CEO tracks the history of whiskey in Korea
And if this positive aspect of alcohol could be personified, it might look like Peter Prentice, whiskey manufacturer Chivas Brothers’ regional vice president.
Chivas Brothers, a whiskey brand owner that traces its origins to the beginning of 19th century Scotland, is an affiliate of the global Pernod Ricard Group.
It owns high-end and locally beloved whiskey brands such as Ballantine’s, Chivas Regal and Royal Salute.

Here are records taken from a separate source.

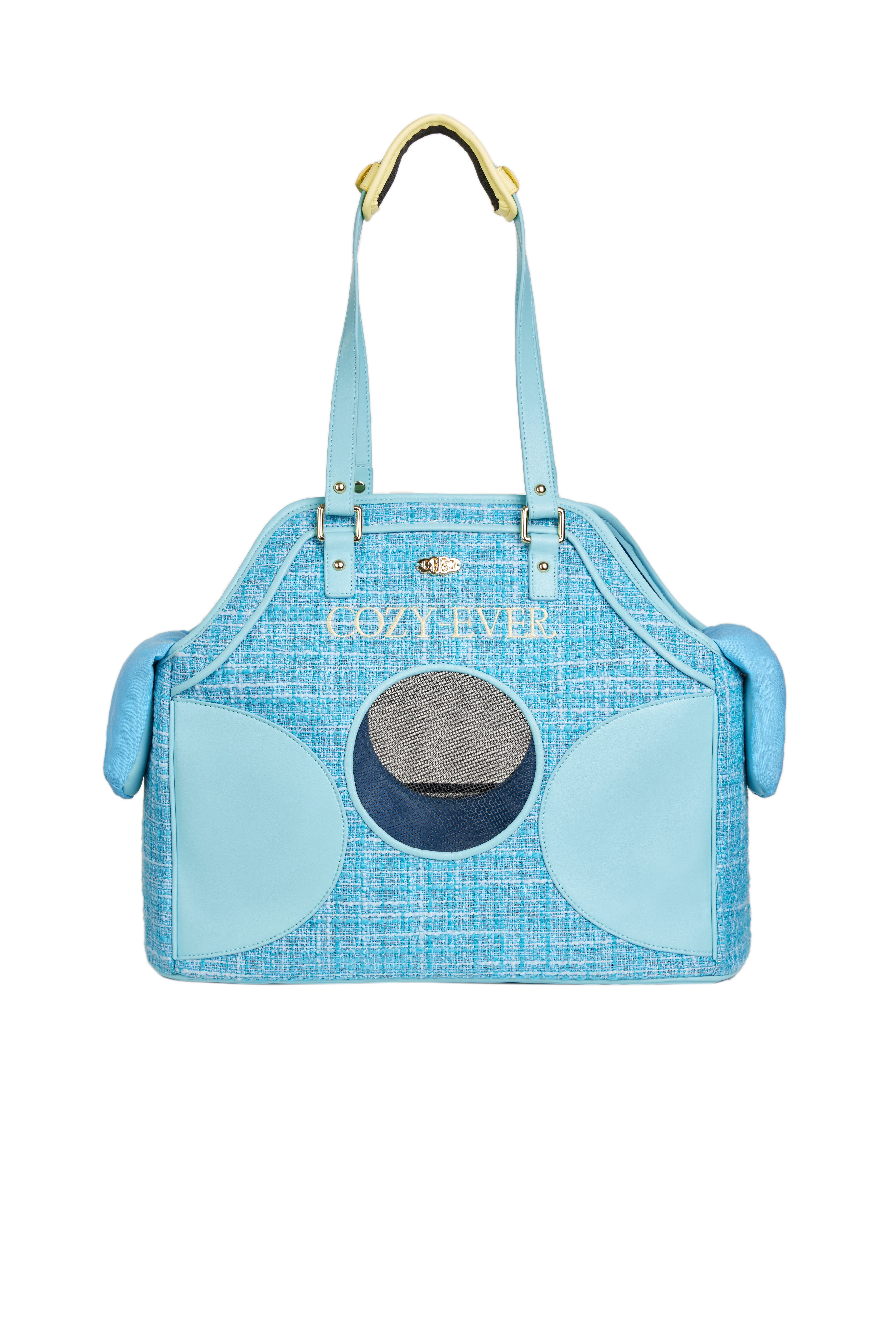 The Romantic Garden・Aquamarine Dreamweaver - COZY-EVER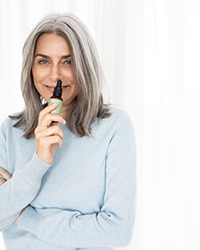 PMS Beschwerden auf nat&uuml;rliche Weise lindern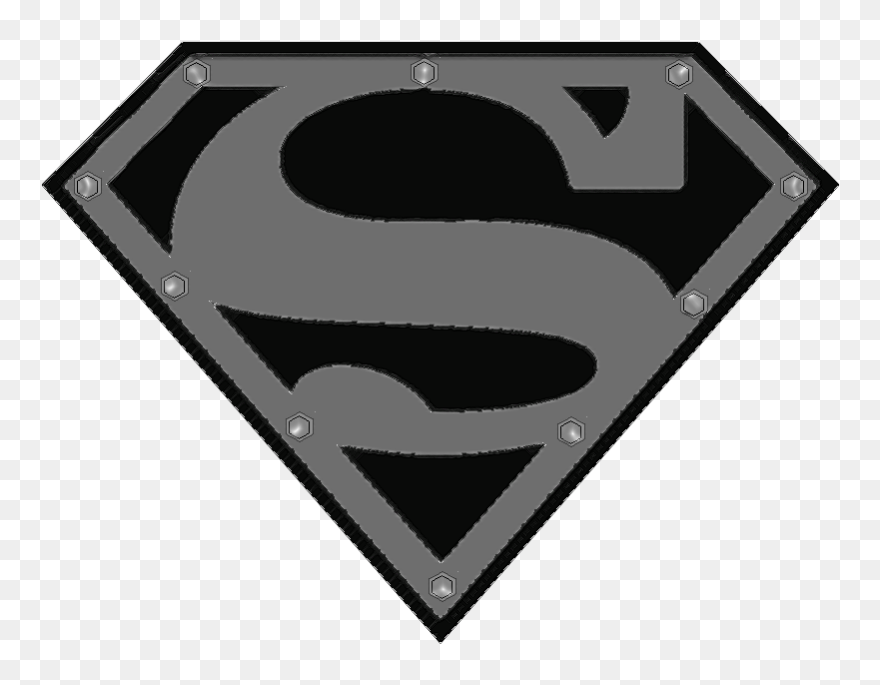 Detail Superman Shield Png Nomer 49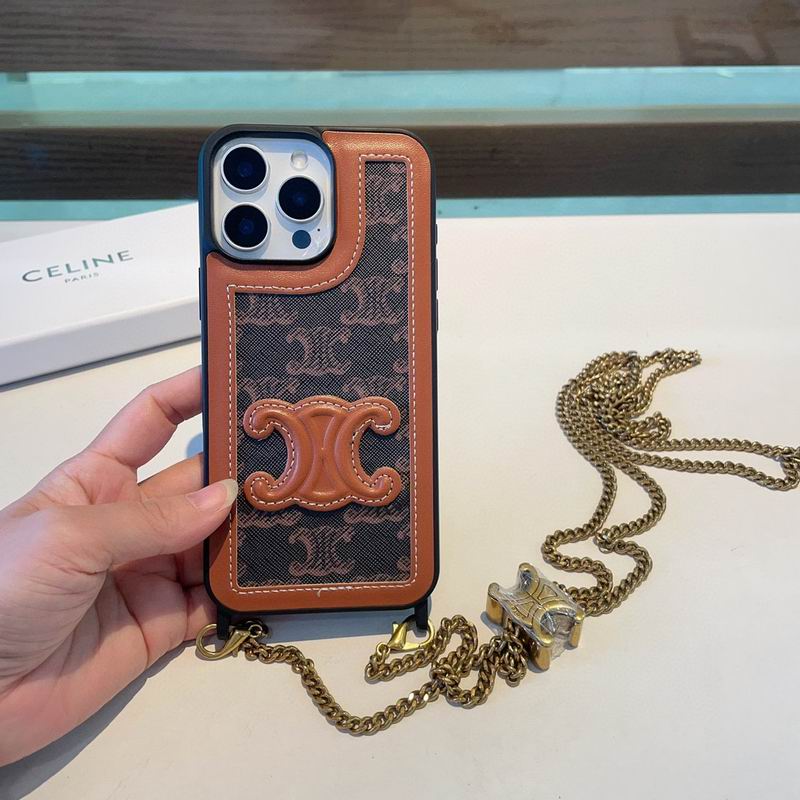 Celine iphone 13-16Pro max  (6)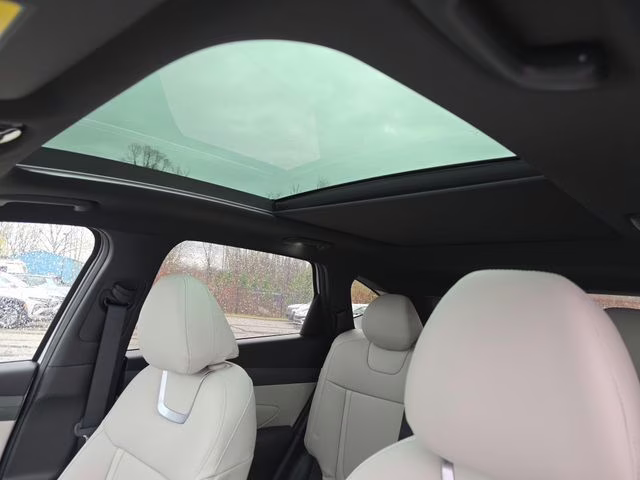 2026 White Pearl Hyundai Tucson Limited AWD SUV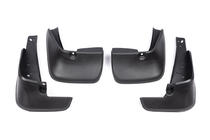 Toyota Corolla 1998-2002 Paraspruzzi Premium (4 pz) foto 2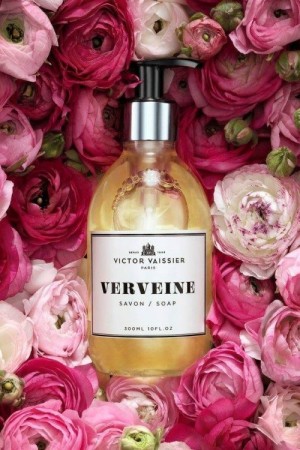 Victor Vaissier ‘Verveine’ håndsåpe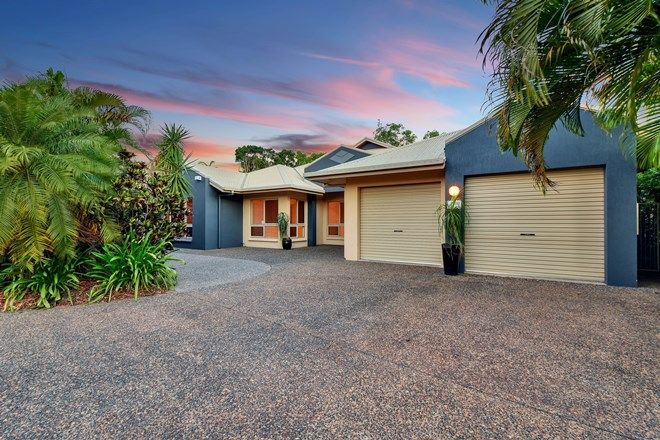 Picture of 89 Cullen Bay Crescent, CULLEN BAY NT 0820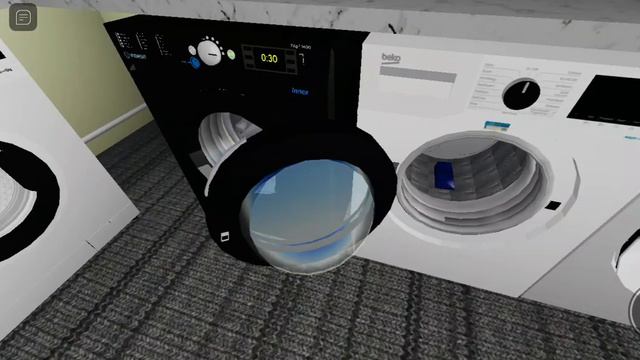 Indesit Washing Machine смотреть онлайн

Prentice, who has been at his post since 1999, has been instrumental in Chivas Brothers’ concentrated investment in Korea during the last seven years. The company supports events such as the Ballantine’s Championship, the only European Tour golf event held in Korea, and the Mart of Respect Award, which honors an eminent figure in Korean arts and culture annually.
During a visit to Korea last month to present the award, Prentice sat down with the Korea JoongAng Daily to look back at the changes in Korea’s whiskey market since his first visit in 1983.
Q. What is the standing of Chivas Brothers in the Pernod Ricard Group?
What is the Korean whiskey market’s importance?
Korea is a very important market for scotch whiskey. Very few people know this - when I tell them that Korea is more significant than Japan, many people are surprised. Korea is easily the No. 1 premium market in the world. What’s interesting in Korea is that the whiskey market starts at 12-year-old whiskeys and older, of which it imports about 3 million cases a year. Taking a look at other Asian nations, Japan is maybe 1 million cases of 12-year-old scotch and older, and Thailand is a big whiskey market of well over 2 million cases - but it’s standard whiskey.
A lot of people are talking about the whiskey market in China, but it still consumes under 2 million cases, so the Korean market still occupies a strong position.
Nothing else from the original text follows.